Other studies have used deep learning methods to identify LNC. Most of them have focused on human lncRNA identification [39, 40] and have used full or k-mer sequence data and other features, such as function annotation and dimensional representations [41], secondary structure and ORFs [42, 43], or nuclear location [44]. However, to the best of our knowledge, this is the first deep learning model that is capable of identifying LNC using frequency information solely.

The main advantage of employing a deep learning approach in comparison with other machine learning classifiers rely on the ability of the convolutional neural network to automatically extract the best features that allow achieving a good performance in the classification of the selected type of sequences. For this reason, it is very common that researchers employ existing successful architectures such as Inception V3 or Inception-Resnet V2 to perform classification tasks. However, many of these networks were conceived to perform classification on data with a large number of labels. Therefore, these architectures are very deep (i.e., have many layers) which translates into a more considerable complexity of the network and a more significant number of parameters to optimize and, therefore, larger training times. In this work, we built our convolutional deep learning classifier inspired by the inception modules which have proved to be very good to extract features from the image data. In our experiments, the four inception modules, along with the proposed convolutional and fully connected layers, allow us to achieve a good performance in the classification task using the computed sequences spectrograms.

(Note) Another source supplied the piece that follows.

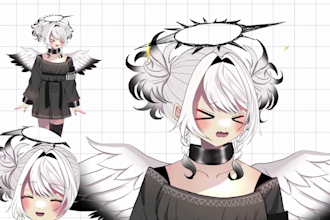 draw and rig live 2d vtuber model 2d vtuber model anime vtuber avatar for stream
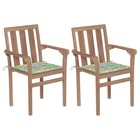 Chaises de jardin 2 pcs avec coussins à motif de feuilles teck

While our results indicate a performance of around 80% accuracy for both classifiers that may be very useful for many applications regarding automatic detection of coding regions in DNA or the understanding of the relationships between LNC, PSD, and CDS sequences, we believe that this relative low accuracy is due to high similarity in the patterns of some sequences that are difficult to differentiate for the proposed network architecture. We believe that this value could be increased by others employing other deep learning architectures; however, that is a subject of future work. Additionally, it may be possible to generate deep learning models for the classification of other interesting functional genome sequences such as miRNA or snRNA. However, the dataset’s imbalance related to human genome overrepresentation remains an issue that will fade as nonhuman data becomes available.

5. Conclusion

We have presented a methodology for the classification of coding regions, long noncoding regions, and pseudogenes based on the use of GSP for converting the DNA nucleotide sequence into a graphical representation of the information contained in the DNA sequences which are later classified using a convolutional deep learning model. The obtained accuracy scores of 83% and 84% when classifying between CDS vs. LNC and CDS vs. PSD, respectively, indicate the feasibility of employing this methodology for the classification of these types of sequences.

Data Availability

The datasets and CNN model and weights used to support the findings of this study are available from the corresponding author upon request.

Conflicts of Interest

The authors declare that there are no conflicts of interest regarding the publication of this paper.

Acknowledgments

The authors thank the Science and Technology National Council (CONACYT) for scholarship support of RS, MHSC, and CETC (nos. 483669, 429399, and 429397), respectively. This study was supported for CONACYT Grant Basic-Sciences (no. 252465).